On that score, US Fed Chairman Ben Bernanke fronted the US Congress yesterday and told them that the subprime problem would get worse. But traders are learning to quickly discount what the Fed chief says. “Bernanke’s comment that the subprime mess could be in the US$150 billion ballpark exacerbated the sell-off. Why should we believe him? He didn’t see any of it coming,” said Elliot Spar of Stifel, Nicolaus & Co.
The Fed is spinning the story anyway. What’s going on in the credit markets is no longer just a subprime story. It’s a corporate debt story too. It’s a bank asset quality story. And it’s a story about the health and viability of the balance sheets of some of America’s largest financial firms.

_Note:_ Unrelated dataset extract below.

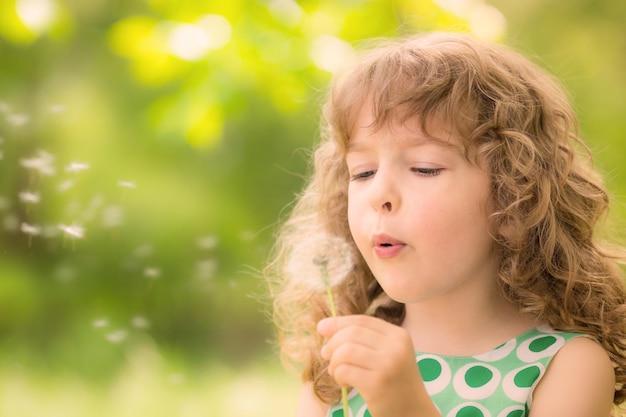 Bellissimo bambino con fiore di tarassaco nel parco primaverile Bambino felice che si diverte all'aperto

Markets generally muddle through even the worst of situations. But as the Austrian theory of the credit cycle suggests, massive misallocations of capital have to be liquidated before the next bullish phase can begin. Right now, investors seem to be in full denial that liquidation is necessary and healthy. Acceptance will come eventually, after anger and grief.
There’s no doubt Australia has exposure to a slow-down in China. But at least the Aussie boom is correlated to a production boom. Real wealth comes from production, not consumption based on debt. You see evidence of both in Australia.
The resource boom is a production boom producing higher wages for Aussie workers, higher profits for Aussie firms, and higher share prices for Aussie investors. Let’s hope that’s not all squandered away by people choosing to live beyond their means.
But then again, who are we to tell people how to live? You can’t control the financial habits of an era. These things go in cycles too. We live in a time of widespread financial illiteracy. The resource boom has cushioned Australia from the consequences of massive debt. At least for now.